- **TASK DESCRIPTION**: Look through the material below. Return exactly the lines from the one with "Wind Direction" through the one with "Caractéristiques techniques |", both included.

- **THE DATA**:
***

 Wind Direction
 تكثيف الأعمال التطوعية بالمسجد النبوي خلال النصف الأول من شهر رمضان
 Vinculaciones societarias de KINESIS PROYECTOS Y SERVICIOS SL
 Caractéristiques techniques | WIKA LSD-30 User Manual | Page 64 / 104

***

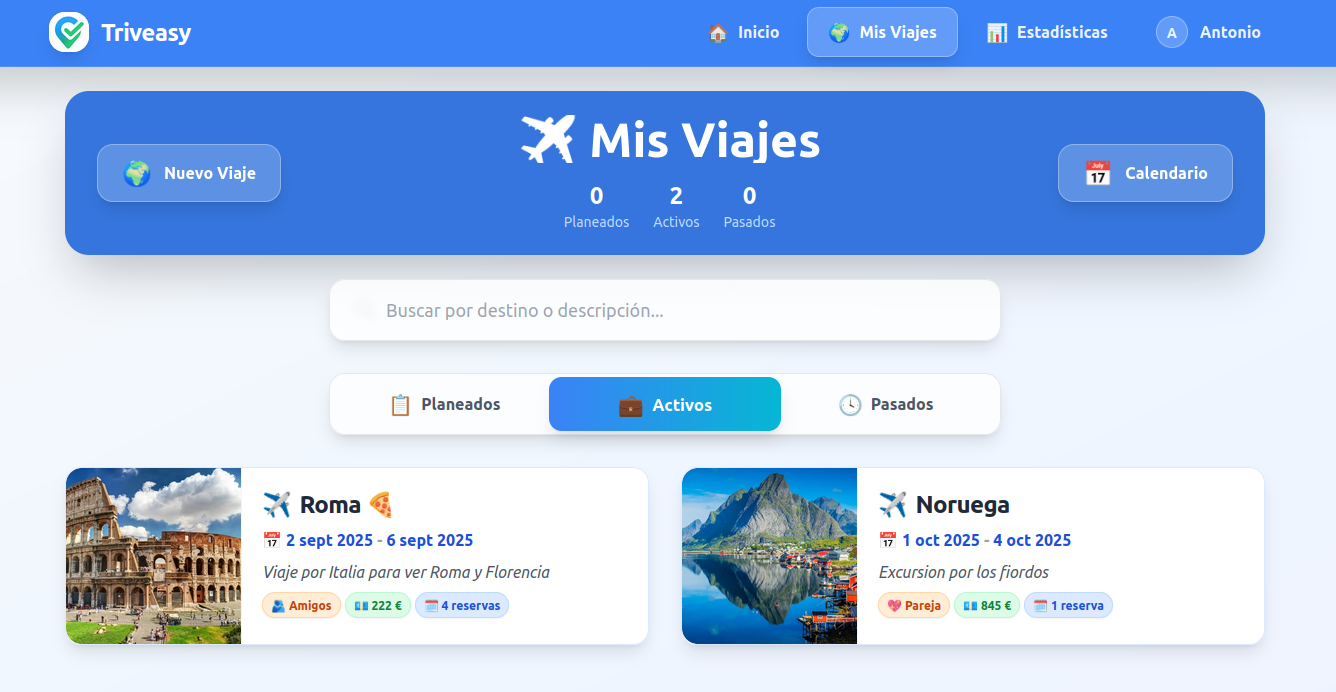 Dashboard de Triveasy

***

- **YOUR RESPONSE**:
 Wind Direction
 تكثيف الأعمال التطوعية بالمسجد النبوي خلال النصف الأول من شهر رمضان
 Vinculaciones societarias de KINESIS PROYECTOS Y SERVICIOS SL
 Caractéristiques techniques | WIKA LSD-30 User Manual | Page 64 / 104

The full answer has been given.